(TASK DETAILS):
Which lines of the entries below run from the one holding "Dnyucen Key Chain" to the one holding "Ramnes formannskap og", inclusive? Set down exactly those lines and no others.

──────── RECORD SET

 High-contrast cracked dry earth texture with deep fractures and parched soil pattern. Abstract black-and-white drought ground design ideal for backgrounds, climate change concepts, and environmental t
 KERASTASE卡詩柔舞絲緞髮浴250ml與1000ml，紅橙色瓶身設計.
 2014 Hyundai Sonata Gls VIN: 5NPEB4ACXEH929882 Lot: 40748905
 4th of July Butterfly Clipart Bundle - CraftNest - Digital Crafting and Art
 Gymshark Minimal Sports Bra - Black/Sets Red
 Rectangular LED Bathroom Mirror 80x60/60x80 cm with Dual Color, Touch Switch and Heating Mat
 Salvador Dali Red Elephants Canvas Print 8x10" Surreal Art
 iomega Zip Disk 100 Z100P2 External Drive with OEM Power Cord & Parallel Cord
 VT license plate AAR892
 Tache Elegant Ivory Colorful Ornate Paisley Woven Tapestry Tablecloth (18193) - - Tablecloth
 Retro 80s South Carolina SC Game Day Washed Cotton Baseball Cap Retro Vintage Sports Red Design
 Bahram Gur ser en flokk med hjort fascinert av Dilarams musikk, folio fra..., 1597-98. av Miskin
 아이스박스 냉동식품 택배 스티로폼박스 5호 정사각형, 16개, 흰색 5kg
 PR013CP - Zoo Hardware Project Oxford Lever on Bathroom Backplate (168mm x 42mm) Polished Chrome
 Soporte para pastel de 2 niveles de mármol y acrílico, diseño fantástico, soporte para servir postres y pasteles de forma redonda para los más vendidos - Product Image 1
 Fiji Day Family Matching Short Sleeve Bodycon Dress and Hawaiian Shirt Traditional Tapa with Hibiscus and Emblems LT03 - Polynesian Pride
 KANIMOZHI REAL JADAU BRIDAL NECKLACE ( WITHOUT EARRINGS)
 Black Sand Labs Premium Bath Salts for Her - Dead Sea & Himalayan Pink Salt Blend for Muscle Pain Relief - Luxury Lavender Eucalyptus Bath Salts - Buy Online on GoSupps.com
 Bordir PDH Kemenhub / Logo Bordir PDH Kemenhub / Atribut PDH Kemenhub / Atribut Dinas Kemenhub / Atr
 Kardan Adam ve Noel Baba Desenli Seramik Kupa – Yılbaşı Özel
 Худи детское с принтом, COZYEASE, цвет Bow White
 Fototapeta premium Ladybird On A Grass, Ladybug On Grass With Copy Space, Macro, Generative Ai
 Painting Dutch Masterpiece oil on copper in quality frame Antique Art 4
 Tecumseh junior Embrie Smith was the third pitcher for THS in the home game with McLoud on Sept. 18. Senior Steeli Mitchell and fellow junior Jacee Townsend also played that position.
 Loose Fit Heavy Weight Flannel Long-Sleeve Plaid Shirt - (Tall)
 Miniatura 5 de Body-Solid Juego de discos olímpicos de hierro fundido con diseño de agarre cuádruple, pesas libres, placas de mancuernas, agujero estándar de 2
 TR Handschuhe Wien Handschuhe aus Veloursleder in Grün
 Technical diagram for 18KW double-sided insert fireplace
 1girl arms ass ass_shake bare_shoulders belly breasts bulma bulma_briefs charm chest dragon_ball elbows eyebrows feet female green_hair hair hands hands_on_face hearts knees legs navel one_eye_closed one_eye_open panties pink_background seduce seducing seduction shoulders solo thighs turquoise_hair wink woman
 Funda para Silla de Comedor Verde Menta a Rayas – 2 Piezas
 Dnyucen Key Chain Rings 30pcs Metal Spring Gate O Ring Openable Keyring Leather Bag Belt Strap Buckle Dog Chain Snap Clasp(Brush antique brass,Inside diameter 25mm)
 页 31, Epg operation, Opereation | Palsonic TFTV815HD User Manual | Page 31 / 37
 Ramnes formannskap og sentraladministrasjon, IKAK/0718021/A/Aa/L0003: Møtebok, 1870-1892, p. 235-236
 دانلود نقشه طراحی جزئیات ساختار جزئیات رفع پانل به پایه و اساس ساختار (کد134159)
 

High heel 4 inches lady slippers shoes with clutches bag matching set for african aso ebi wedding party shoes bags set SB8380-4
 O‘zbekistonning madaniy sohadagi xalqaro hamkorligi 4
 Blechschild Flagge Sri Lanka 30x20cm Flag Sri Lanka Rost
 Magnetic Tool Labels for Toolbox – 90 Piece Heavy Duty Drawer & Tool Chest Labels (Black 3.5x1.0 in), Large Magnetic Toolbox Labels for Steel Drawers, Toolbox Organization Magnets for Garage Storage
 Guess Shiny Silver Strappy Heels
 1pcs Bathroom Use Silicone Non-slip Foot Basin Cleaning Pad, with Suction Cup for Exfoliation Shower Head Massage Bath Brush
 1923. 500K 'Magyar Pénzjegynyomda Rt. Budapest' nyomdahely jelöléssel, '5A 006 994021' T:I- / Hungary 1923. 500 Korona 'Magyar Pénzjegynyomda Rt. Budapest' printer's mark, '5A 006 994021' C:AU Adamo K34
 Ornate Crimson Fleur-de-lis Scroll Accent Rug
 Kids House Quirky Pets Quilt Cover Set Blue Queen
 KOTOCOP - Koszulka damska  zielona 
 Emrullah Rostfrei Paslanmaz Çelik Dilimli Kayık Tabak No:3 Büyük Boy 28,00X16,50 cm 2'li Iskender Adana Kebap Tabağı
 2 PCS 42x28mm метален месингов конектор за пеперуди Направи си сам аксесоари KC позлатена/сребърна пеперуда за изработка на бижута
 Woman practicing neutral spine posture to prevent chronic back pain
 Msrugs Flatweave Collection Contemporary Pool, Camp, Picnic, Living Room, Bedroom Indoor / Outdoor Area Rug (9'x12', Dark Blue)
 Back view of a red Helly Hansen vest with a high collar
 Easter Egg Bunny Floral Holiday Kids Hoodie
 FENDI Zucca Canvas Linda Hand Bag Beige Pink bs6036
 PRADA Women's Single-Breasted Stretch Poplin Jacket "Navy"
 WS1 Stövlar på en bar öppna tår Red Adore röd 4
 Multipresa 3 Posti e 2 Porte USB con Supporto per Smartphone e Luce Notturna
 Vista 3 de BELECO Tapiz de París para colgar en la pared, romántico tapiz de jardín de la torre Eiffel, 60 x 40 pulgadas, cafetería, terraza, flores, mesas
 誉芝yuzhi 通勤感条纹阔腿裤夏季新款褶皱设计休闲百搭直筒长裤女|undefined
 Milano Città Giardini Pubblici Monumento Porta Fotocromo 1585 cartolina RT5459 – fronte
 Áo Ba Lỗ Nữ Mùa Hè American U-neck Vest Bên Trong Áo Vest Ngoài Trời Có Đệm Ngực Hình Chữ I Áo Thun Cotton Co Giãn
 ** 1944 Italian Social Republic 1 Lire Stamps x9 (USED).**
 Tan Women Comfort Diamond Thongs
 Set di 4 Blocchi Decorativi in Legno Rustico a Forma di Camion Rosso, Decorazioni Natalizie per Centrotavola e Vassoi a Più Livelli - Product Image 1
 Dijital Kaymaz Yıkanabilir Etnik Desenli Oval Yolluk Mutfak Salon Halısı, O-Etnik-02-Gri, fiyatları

────────────────

(THE COMPLETED TASK):
 Dnyucen Key Chain Rings 30pcs Metal Spring Gate O Ring Openable Keyring Leather Bag Belt Strap Buckle Dog Chain Snap Clasp(Brush antique brass,Inside diameter 25mm)
 页 31, Epg operation, Opereation | Palsonic TFTV815HD User Manual | Page 31 / 37
 Ramnes formannskap og sentraladministrasjon, IKAK/0718021/A/Aa/L0003: Møtebok, 1870-1892, p. 235-236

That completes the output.